In practice the cost of doing multiple system calls means all but the laziest OS's provide some mechanism for processing escape sequences. This choice is analogous to the "little language" that appears in printf format specifiers (or FORTRAN FORMAT statements before them), where again a pure procedural interface is replaced by string processing.

5.2. Input

Keyboard input is more interesting, since we can't predict when the user will hit a key. On the IBM PC architecture the main keyboard is assigned IRQ 1, so we can use an interrupt handler to snarf keyboard input as it arrives. This is done by executing an inb operation on port 0x60, which will return a scan code which describes the position of the key that had something happened to it (either a key press or a key release). The scan code is not likely to be very useful to a user process, so we will probably want to do some translation. This gives us three steps in processing a keyboard event:

  1. Handling the interrupt. At minimum we need to save the incoming scan code somewhere.
  2. Translating the scan code to a more useful form. Many keyboard events we may be able to safely ignore (like releasing the E key). Some will require updating internal state that affects further translation (shift down/shift up). Some might even require doing some output operations to update the keyboard status (caps lock down—requires turning on or off the caps lock light). We may also want to give the user control over how this translation is done (a video game might want to know when the user releases the keep-jumping key).
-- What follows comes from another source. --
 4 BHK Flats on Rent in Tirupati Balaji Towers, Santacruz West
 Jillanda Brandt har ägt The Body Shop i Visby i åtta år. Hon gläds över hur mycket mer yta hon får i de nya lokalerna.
  3. Delivering the result to any interested process or processes.

The interesting part here is that we have a lot of options over where to do these operations. If our goal is to get out of the interrupt handler as fast as possible, we might want to just do step 1 there, sticking the incoming scan code into a ring buffer somewhere and returning immediately. The translation and delivery steps could then be handled by any of (a) a kernel thread that wakes up from time to time when the ring buffer is nonempty (semaphore!) and does translation (monolithic kernel approach); (b) a userspace daemon that does the same (microkernel approach); or (c) a standard library routine that uses an address space mapping that provides direct access to the raw scan code buffer (exokernel approach). The more distant we make the translation and delivery process from the core of the kernel, the more control we give the user (e.g., being able to substitute different translation schemes, being able to stuff fake keyboard events into the input stream, being able to build a fancy keyboard-dispatching daemon that sends all the vowels to process 1 and all the consonants to process 2—who knows?), but the more costs we impose. For keyboard input, the costs are likely to be pretty low no matter what we do, so a simple approach is probably best. This probably either involves providing raw untranslated input or doing translation at the kernel level, perhaps even in the interrupt handler (since it's not very expensive).

We still have to decide how to get keystrokes to the user process. The choices here are eerily similar to the choices between programmed I/O (polling), interrupt-driven I/O, and DMA-based I/O at the kernel level:

  1. Provide a getchar system call that lets a user process wait for a key event. To implement this, we build a ring buffer in the kernel with an attached semaphore and have the user process (really its corresponding kernel thread) down (proberen) the semaphore when it wants a character. The process will wake up again (and extract the character from the ring buffer) when a character is available, because the interrupt handler or device driver upper half will up (verhogen) the semaphore when it adds a character to the buffer. We can also make a non-blocking version by allowing the process to peek at the buffer (presumably protected by a mutex) to see if there is anything there. The downside of this approach is that with the blocking version, the process can't do anything else while it is waiting (unless it has multiple threads) and with the non-blocking approach it wastes a lot of time checking for keypresses that haven't arrived yet.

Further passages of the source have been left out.